As we covered last month, YouTube has already confirmed to video creators that it’s launching the paid option, with a formal launch expected this week. A $10 monthly fee is said to cover the removal of ads, plus access to a music service that allows offline play (and incorporates Google Play All Access.)
Now Re/Code is quoting “industry sources” as saying the fee will also include access to specially-created videos which aren’t available to the general public. YouTube will be contributing towards the production of these videos. However, they may not appear online until next year.
The idea appears not to be to target mainstream musicians and celebrities to produce new content. Instead the paid content will come from what Re/Code quotes as “endemic” video stars: in other words people who aren’t part of mainstream culture but have built up a loyal audience through YouTube.
A previous experiment in 2011 concluded users were more likely to feel favorable towards content made by “the YouTube community” rather than major media groups. That could be a key to which content would work well here: while a celebrity video or one that relates to an existing franchise might do better attracting free viewers, that’s not necessarily the same thing as persuading people to pay.

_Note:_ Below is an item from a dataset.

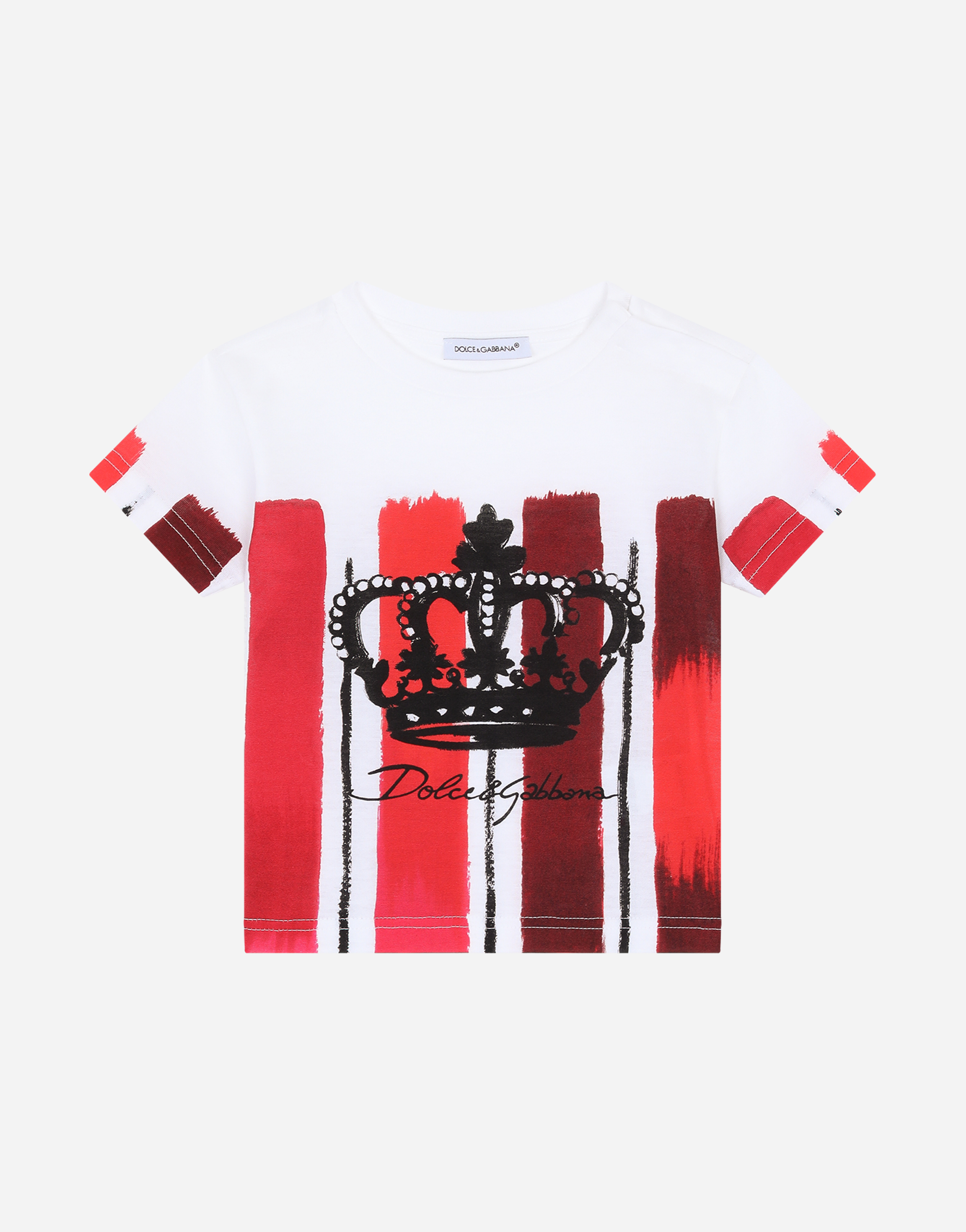 Dolce & Gabbana Kids' Jersey T-shirt With Crown And Striped Print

One downside is that the sheer diversity of content on YouTube might work against a paid tier. There’s a risk that even though somebody might like some of the paid content, they may conclude the majority of the premium videos are of no interest to them, making the subscription feel like a bad deal.
It could also be a delicate balancing act for YouTube to select video producers where additional funding will improve the product without watering down its charm or originality.